Compare that with a story previously told in the book, A Long Lunch, by the late, great Simon Hoggart: “Sir Walter Bromley-Davenport was a Tory whip, and had a brusque, no-nonsense approach to his job. Seeing a Conservative MP leaving the Commons when a vote was imminent on a three-line whip, he ordered him to stay. The man refused, so Bromley-Davenport kicked him, hard. Unfortunately, he was not a Tory MP but the Belgian ambassador.”

Same anecdote – different whip, different ambassador. Most people will trust Hoggart as a raconteur more than they will trust Jerry Hayes, but I happen to know that on this they were both wrong. Actually, the offending whip was Sir Tufton Bufton, and the victim was the Ruritanian Ambassador, Don Keeko Miarce.

You’ve got to hand it to Ed

The Tories have carried out a textual comparison between Ed Miliband’s response to this year’s Budget and his speeches of previous years. This year, for example, he said: “It’s a classic Tory con. Give with one hand and take far more away with another.”

Last year, he said: “The Chancellor is giving with one hand and taking far more away with the other.” The year before: “All he is doing for ordinary families is giving with one hand and taking far more away with the other.” And the year before that: “Let me tell you what the Institute for Fiscal Studies told us this morning: ‘there is an awful lot of giving with one hand and taking away with lots and lots of other hands’. It’s the classic Tory con.”

He is becoming what was known in the old days as a stuck record.

Sir Peter’s silent history

Sir Peter Tapsell, the veteran Tory MP, had geeks reaching for back numbers of Hansard when he claimed during the Commons tributes to Tony Benn that he is the only current MP who was there in June 1963 during the passage of the Peerage Act that allowed Benn to renounce his hereditary viscountcy and return to the Commons. He said he “voted” for it, but “supported” would have been the more accurate word, because in the end it passed unopposed.

Tapsell was also there on another day in June 1963 when Harold Macmillan reported to the Commons on the Profumo scandal. According to Hansard, Tapsell rose to speak, there were shouts from other MPs of “sit down”, and down he sat. We shall never know what he was going to say.

Eagle pounds Lib Dems

The proposed new dodecagonal pound that will look like a pre-1971, 12-edged threepenny bit has a fan in Angela Eagle, shadow Leader of the House.

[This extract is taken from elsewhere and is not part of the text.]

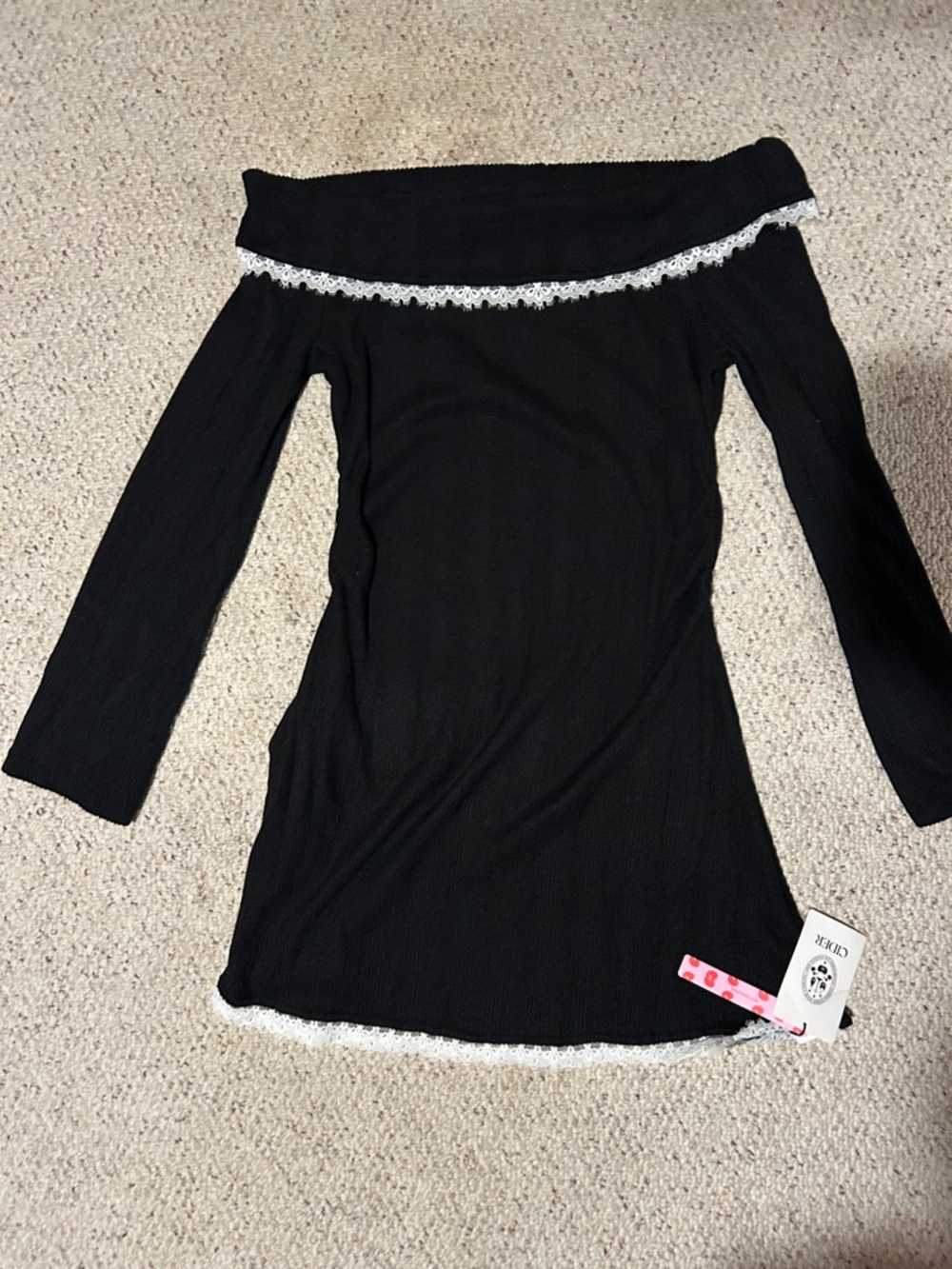 Cider Black Off-Shoulder Knit Top with White Lace Trim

She told MPs: “It was good to see the Liberal Democrats’ role in the coalition memorialised with the new pound coin. It has about as many sides as they have members and it has two faces, just like them.”

Spoof success

The Government website Universal Jobmatch is “hugely successful”, the Work and Pensions minister David Freud felt able to assure the House of Lords.

“But are you not just a bit embarrassed that it has about a third of a million bogus jobs on it, such as ‘M16 target elimination specialist’ or ‘International courier for Cosa Nostra Holdings’?” Lord Dubs asked.

Not at all, replied Lord Freud. Some of the entries are spoofs, he conceded, but they are fewer than one in 1,000.